Friday, January 12, 2007

Crude Oil Market Analysis (1/11/07)

Today the market continued its downward trend after another rally failed in the wake of OPEC’s appeal to its members to comply with their respective production reduction quotas.

The market reached another 19-month low overnight to hit $52.94 but rallied on OPEC’s appeal to its members to comply with their respective production reduction quotas. However, once it became clear that the market was unable to rally above the 2006 low of $54.85 in light of the estimate by Oil Movements that OPEC production will increase by 350,000 barrels per day in Jan. from its Dec. productions, the market continued its downward trend to hit another 19-month low at $51.80 before closing at $51.88.

Today’s market action is consistent with the Jan. 9 Crude Oil Market Analysis that “once the market breaks $55.00 to touch $54.70, it will be a free fall towards $50.00-$50.40.” This point is echoed by Barclay’s technician Philip Roberts in London, who said that “a pivotal moment in oil's decline so far this month is its passage through $55, and subsequently the lows of 2006, implying further near-term weakness.”

Fundamentally the market is very weak and shows no sign of bottoming out.
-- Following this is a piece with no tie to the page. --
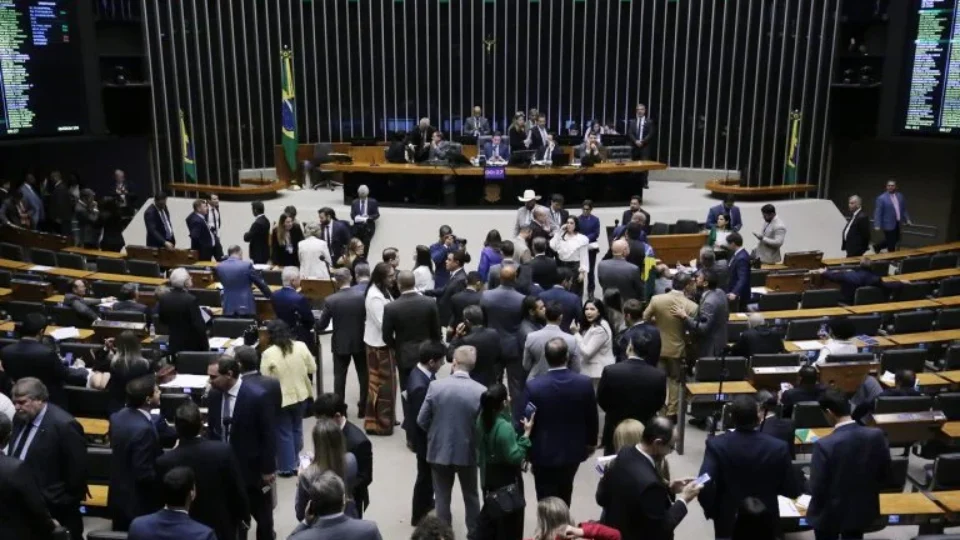 PT discursa contra PEC da Blindagem, mas parte da bancada vota a favor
Technically, however, the 14-day RSI for the Feb. contract is currently below 30, which indicates that the market is oversold.

Currently the market trades 83-cent higher at $52.71. The bounce is not alarming to the bears, since the market dropped rapidly to $51.80 after breaking $52.94 and has not traded in the $51.80-$53.00 range before.

Tomorrow will be an inside range day. The market will trade between $51.80 and $53.90, as some shorts cover to take profit.

Strategy: Hold short at $54.75 with a stop at $55.00 in case the market rallies above 2006 low of $54.85; take profit below $50.40.